L’obsession des mesures

L’obsession des mesures

iStock.com / peterhowell

Paramètres, indicateurs, indices. Classements universitaires ou collégiaux. Analyse bibliométrique de la recherche. Les entreprises privées et les administrations publiques ou autres ne jurent que par les mesures pour évaluer le rendement des établissements, des départements, d’un professeur même. Les controverses suscitées par l’utilisation — ou la surutilisation, diront certains — de mesures font réagir les associations de personnel académique et leurs membres.

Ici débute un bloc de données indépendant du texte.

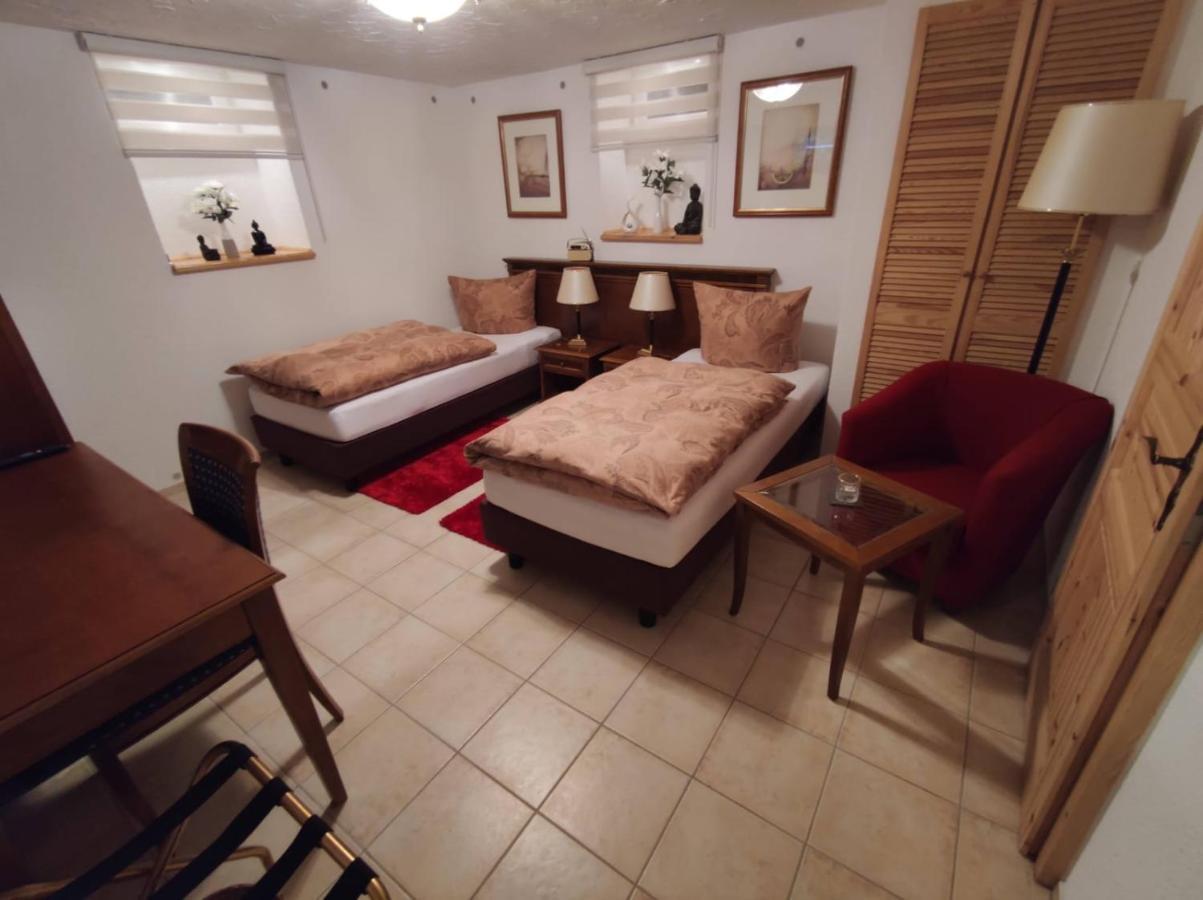 Ferienzimmer Familie Schmidt Grossdeuben 外观 照片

« Une institution fait une grosse erreur lorsqu’elle se re­dé­finit en fonction des classements universitaires. Quand seulement 15 % des étudiants sont influencés par les classements, il est futile de dépenser de l’énergie pour s’y tailler une place. Mieux vaut viser l’excellence », dit Yves Gingras, professeur et titulaire de la Chaire de recherche du Canada en histoire et sociologie des sciences à l’Université du Québec à Montréal, et auteur du livre Les dérives de l'évaluation de la recherche : Du bon usage de la bibliométrie. « Les universités qui se préoccupent trop des classements perdent de vue leur mission et se font imposer des valeurs qui leur sont étrangères. »

Selon lui, les universités devraient s’apercevoir que les classements sont des écrans de fumée et s’en éloigner. « La décision de l’Université de Toronto de ne plus participer à l’enquête annuelle de Maclean’s parce qu’elle devait y consacrer trop de temps et de ressources a eu d’énormes retombées dans ma province. Depuis, nos universités n’accordent pas tellement d’importance à ce palmarès. Et plus vite elles se retireront du classement de Shanghai, mieux elles se porteront. »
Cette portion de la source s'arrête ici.